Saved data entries
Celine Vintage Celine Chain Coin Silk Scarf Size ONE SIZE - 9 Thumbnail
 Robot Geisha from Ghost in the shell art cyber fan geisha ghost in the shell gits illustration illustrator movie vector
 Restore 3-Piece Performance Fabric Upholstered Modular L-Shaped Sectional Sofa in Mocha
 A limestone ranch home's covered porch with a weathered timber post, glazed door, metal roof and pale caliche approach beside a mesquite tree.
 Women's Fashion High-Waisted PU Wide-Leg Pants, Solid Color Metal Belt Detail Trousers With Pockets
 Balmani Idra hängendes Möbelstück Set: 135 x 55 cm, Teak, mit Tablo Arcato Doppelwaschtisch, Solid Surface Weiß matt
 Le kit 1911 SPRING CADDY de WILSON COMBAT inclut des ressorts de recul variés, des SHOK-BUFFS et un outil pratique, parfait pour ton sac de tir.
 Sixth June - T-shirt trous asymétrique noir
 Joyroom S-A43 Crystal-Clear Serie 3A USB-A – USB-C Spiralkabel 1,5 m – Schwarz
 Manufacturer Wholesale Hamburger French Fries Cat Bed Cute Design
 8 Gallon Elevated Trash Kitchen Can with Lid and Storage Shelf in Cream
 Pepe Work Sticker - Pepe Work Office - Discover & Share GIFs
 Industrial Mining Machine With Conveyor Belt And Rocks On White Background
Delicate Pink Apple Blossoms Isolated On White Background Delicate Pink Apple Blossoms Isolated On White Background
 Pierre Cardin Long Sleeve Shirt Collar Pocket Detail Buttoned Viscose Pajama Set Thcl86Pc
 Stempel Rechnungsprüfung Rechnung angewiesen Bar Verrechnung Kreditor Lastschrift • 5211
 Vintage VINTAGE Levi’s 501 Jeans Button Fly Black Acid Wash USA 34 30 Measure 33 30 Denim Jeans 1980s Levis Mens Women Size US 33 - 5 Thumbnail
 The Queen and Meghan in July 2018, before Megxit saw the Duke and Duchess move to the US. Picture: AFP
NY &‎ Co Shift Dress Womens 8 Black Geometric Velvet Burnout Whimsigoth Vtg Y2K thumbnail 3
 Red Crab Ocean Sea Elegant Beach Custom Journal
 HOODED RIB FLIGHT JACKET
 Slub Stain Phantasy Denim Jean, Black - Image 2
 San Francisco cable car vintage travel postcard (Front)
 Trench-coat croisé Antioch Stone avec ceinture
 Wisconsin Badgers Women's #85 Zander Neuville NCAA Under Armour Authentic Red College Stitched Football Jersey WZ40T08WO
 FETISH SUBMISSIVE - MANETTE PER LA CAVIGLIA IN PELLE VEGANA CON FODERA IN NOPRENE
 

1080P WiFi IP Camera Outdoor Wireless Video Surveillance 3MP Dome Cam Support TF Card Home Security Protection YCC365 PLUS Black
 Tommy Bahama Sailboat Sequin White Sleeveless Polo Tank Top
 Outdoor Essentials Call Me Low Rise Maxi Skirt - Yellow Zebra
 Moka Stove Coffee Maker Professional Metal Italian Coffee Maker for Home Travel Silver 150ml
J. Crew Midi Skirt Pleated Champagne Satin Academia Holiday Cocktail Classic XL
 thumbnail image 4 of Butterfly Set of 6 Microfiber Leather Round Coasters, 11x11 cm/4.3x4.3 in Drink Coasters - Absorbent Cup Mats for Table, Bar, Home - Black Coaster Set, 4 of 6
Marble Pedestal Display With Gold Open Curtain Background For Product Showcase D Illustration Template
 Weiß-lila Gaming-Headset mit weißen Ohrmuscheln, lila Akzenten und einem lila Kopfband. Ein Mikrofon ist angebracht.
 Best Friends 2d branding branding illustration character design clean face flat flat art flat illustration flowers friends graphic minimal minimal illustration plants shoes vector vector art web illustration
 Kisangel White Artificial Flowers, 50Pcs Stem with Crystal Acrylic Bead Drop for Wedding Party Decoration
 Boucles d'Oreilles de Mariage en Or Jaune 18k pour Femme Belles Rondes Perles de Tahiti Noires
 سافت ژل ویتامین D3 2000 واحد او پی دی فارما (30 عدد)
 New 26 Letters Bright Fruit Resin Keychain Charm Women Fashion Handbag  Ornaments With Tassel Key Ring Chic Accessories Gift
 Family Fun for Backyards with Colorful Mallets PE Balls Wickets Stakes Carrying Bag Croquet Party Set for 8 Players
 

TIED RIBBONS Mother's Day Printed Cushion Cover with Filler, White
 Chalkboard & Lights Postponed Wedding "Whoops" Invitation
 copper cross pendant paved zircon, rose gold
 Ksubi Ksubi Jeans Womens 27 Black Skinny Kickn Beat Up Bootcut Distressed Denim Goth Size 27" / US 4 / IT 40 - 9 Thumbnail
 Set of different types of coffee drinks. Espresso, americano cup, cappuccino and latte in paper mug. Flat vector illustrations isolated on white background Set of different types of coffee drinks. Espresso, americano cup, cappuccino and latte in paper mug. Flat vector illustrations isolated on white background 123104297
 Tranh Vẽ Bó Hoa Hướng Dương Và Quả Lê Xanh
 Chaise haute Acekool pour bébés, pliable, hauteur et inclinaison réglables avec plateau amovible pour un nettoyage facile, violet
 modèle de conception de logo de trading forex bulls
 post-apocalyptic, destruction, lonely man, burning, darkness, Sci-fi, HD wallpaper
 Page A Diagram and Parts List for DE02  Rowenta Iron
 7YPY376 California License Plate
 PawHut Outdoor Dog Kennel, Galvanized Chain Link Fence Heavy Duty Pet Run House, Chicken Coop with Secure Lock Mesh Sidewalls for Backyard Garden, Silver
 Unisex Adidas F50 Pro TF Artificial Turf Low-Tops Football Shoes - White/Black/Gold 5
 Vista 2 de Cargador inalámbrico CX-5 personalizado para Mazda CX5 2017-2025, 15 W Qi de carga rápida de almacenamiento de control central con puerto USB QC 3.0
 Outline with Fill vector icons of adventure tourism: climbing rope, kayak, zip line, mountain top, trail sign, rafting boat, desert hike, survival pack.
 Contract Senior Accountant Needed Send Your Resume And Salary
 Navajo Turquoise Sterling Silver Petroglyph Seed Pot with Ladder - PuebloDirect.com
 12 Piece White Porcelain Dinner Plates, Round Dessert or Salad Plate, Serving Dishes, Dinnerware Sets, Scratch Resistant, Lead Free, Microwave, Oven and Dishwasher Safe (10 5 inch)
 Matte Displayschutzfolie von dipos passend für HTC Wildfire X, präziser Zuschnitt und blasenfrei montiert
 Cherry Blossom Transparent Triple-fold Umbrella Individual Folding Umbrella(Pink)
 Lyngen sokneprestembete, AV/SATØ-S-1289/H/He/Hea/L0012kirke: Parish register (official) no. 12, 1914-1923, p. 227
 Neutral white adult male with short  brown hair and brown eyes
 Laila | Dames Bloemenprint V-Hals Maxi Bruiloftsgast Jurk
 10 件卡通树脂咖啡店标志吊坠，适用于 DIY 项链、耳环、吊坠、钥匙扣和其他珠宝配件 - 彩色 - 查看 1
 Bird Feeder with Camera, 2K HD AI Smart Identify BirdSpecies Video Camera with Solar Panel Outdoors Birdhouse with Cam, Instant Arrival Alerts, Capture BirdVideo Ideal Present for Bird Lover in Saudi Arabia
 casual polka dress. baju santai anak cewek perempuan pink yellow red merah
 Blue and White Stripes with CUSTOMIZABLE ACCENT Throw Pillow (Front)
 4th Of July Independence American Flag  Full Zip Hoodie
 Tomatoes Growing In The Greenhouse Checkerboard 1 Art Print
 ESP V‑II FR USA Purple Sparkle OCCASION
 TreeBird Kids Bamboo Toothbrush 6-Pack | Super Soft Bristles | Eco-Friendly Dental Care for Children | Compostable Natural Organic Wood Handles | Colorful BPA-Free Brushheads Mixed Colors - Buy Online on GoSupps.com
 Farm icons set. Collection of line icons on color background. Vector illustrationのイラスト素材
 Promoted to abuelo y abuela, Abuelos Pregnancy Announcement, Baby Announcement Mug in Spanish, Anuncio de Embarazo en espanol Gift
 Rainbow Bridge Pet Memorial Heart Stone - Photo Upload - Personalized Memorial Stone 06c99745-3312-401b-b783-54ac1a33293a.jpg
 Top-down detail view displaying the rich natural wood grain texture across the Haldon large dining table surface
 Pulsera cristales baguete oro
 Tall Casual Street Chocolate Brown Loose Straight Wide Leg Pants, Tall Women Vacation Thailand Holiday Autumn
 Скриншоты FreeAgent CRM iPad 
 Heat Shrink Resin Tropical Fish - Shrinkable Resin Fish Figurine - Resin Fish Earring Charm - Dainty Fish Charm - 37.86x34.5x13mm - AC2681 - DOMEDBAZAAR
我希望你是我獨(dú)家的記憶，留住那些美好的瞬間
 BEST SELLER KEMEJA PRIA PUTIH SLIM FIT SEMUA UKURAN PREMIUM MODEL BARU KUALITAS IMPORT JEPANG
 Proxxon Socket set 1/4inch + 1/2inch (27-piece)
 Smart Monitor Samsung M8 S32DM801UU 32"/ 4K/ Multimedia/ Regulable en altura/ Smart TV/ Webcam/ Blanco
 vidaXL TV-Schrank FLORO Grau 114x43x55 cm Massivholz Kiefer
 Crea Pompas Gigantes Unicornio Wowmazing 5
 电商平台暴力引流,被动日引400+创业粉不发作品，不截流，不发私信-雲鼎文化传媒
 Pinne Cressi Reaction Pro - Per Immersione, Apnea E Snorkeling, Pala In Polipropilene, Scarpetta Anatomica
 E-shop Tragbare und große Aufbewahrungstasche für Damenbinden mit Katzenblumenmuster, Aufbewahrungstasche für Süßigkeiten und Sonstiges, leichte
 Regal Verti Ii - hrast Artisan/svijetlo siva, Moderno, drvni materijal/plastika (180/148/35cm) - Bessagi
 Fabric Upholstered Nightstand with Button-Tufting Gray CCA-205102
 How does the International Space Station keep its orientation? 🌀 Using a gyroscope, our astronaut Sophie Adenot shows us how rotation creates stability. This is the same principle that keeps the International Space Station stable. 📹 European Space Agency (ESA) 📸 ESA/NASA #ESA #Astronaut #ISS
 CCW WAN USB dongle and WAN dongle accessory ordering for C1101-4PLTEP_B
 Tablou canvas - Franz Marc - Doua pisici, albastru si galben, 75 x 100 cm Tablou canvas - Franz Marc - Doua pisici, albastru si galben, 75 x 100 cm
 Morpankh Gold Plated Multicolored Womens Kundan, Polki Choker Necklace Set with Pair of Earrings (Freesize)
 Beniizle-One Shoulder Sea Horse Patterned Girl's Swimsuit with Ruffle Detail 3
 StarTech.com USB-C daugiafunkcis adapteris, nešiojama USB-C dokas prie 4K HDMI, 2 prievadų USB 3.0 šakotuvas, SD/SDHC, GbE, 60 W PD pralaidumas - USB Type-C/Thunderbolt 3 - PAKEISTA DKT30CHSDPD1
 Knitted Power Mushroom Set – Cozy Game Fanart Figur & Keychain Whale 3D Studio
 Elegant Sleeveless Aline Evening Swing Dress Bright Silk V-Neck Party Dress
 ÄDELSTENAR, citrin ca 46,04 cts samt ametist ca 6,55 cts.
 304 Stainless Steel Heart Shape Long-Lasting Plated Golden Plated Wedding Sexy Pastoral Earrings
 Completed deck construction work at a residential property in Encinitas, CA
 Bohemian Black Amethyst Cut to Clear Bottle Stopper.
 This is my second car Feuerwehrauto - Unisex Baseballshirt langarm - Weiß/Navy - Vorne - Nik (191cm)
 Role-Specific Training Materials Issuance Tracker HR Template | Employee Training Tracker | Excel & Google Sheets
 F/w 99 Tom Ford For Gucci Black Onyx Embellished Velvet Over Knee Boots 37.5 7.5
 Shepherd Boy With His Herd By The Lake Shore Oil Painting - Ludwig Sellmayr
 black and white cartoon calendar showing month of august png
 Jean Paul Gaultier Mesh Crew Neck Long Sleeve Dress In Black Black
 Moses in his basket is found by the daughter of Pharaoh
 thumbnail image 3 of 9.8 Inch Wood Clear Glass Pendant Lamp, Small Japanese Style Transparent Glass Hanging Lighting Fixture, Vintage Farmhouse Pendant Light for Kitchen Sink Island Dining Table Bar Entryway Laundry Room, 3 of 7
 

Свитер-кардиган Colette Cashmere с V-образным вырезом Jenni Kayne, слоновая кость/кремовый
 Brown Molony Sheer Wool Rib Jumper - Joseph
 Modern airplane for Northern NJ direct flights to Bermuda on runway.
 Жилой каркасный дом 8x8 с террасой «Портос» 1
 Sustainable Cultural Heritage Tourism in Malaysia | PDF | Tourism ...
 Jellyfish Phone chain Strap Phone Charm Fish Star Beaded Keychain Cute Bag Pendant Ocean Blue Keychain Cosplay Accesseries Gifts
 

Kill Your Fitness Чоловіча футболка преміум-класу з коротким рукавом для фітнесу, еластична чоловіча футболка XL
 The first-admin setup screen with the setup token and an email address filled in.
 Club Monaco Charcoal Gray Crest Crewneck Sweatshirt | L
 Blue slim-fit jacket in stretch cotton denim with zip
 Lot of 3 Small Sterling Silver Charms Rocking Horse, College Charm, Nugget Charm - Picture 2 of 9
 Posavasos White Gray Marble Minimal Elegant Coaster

TASK ITEM. What you return must be an exact retyping of the lines above starting at the line with "4th Of July" and ending at the line with "Rainbow Bridge Pet", and nothing besides.

RESULT OF THIS TASK.
 4th Of July Independence American Flag  Full Zip Hoodie
 Tomatoes Growing In The Greenhouse Checkerboard 1 Art Print
 ESP V‑II FR USA Purple Sparkle OCCASION
 TreeBird Kids Bamboo Toothbrush 6-Pack | Super Soft Bristles | Eco-Friendly Dental Care for Children | Compostable Natural Organic Wood Handles | Colorful BPA-Free Brushheads Mixed Colors - Buy Online on GoSupps.com
 Farm icons set. Collection of line icons on color background. Vector illustrationのイラスト素材
 Promoted to abuelo y abuela, Abuelos Pregnancy Announcement, Baby Announcement Mug in Spanish, Anuncio de Embarazo en espanol Gift
 Rainbow Bridge Pet Memorial Heart Stone - Photo Upload - Personalized Memorial Stone 06c99745-3312-401b-b783-54ac1a33293a.jpg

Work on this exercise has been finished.